At first glance, everything has calmed down: Azerbaijan is starting to establish a new life in the region; it has launched restoration work, as well as construction of housing and infrastructure. No ethnic cleansing reports have been confirmed: Armenians willing to leave are free to go, they don’t have to run barefoot, without luggage under whizzing bullets like Azerbaijanis in the 1990s.

That being said, Ruben Vardanyan is still in a Baku prison. Having given the situation some thought, I believe that Baku has a trump card capable of solving several problems at once — granting pardon to Vardanyan.

Firstly, Ruben Vardanyan is not a killing squad member of the First Karabakh War. As loud as it may sound, he is a world-renowned businessman and philanthropist with many charitable projects, who, on the wave of idealistic patriotism, rushed to help his people. Given his influence, Vardanyan can be quite effectively exchanged for, let’s say, actual murderers deserving punishment.

Secondly, the pardon destroys the narrative built by Baku’s enemies about “the cruel and barbaric country of Azerbaijan, punishing everyone it can reach” — there is guilt, there is punishment for the most vicious criminals, but there is also generosity for those who cannot be called murderers or genocide architects. Due to his prominence, Vardanyan’s pardon would have a powerful effect in the global media, forcing many people to rethink the imposed assessments of the situation.

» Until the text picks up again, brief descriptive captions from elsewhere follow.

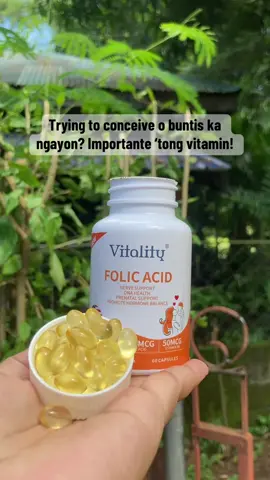 Whether trying to conceive ka or buntis na, Folic Acid is one of the most important nutrients your body needs!  This Vitality Folic Acid with Vitamin B6 & Biotin helps support nerve health, hormone balance, and overall wellness perfect para sa mga mommies-to-be at TTC couples.  #folicacid #mommyvitamins #pregnancysupport #ttcjourney #vitality 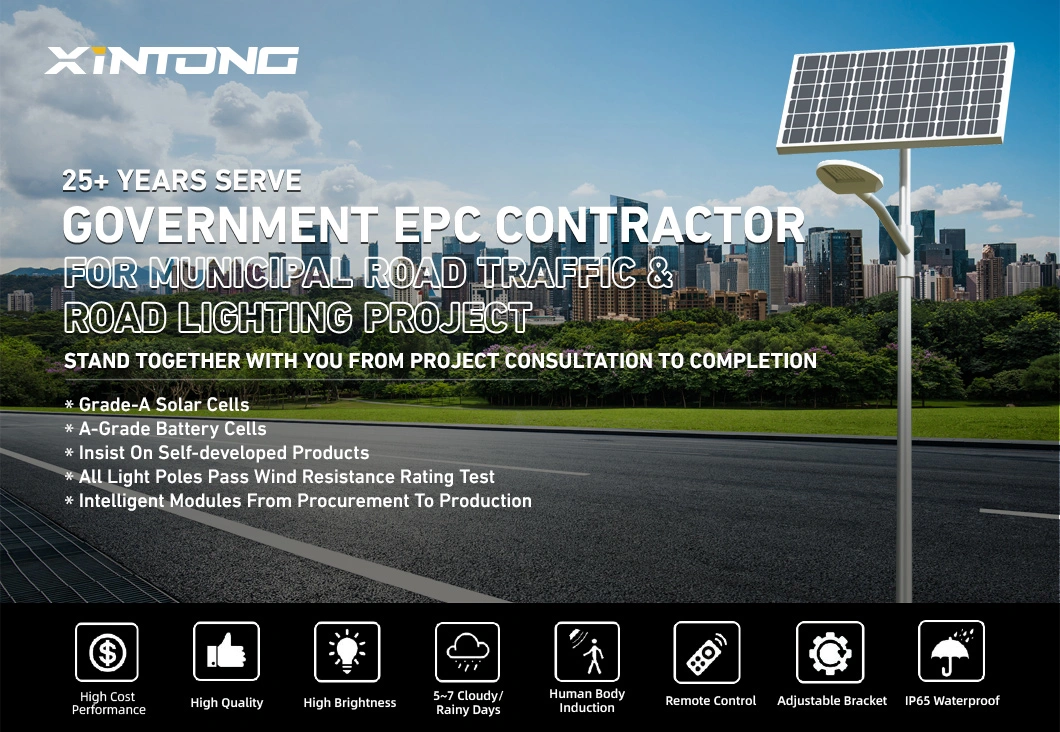 IP65 Waterproof LED Outdoor Road Energy Saving Solar Panel Power Street Light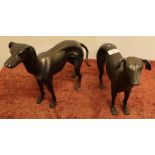 Pair of cast metal whippets/greyhounds (height 28cm)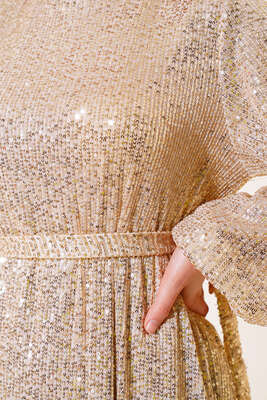 Payetli Kuşaklı Elbise Bej - Tesettür Elbise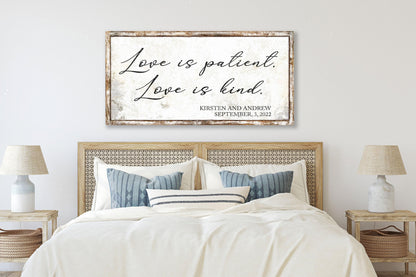 LOVE IS PATIENT Vintage Above The Bed Personalized Wedding Name Sign For Couple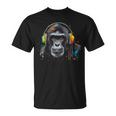 Mono Animal Música Arte Auriculares Colorido Animal Mono Camiseta unisex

Finally, the pardon would once again show who is working toward signing a peace treaty and being constructive, and who is after retaining power through insane diplomatic somersaults. It is another argument for Western friends to put pressure on Nikol Pashinyan and move closer to signing a peace treaty — which also would benefit other countries of the region and Russia (for which it is vital to start a new chapter of relations with the South Caucasus states when both Azerbaijan and Armenia are considered allies).

Pardoning Ruben Vardanyan would help reach several more goals than a prison sentence — both in terms of politics, reputation and diplomacy. In my opinion, this is the right decision.”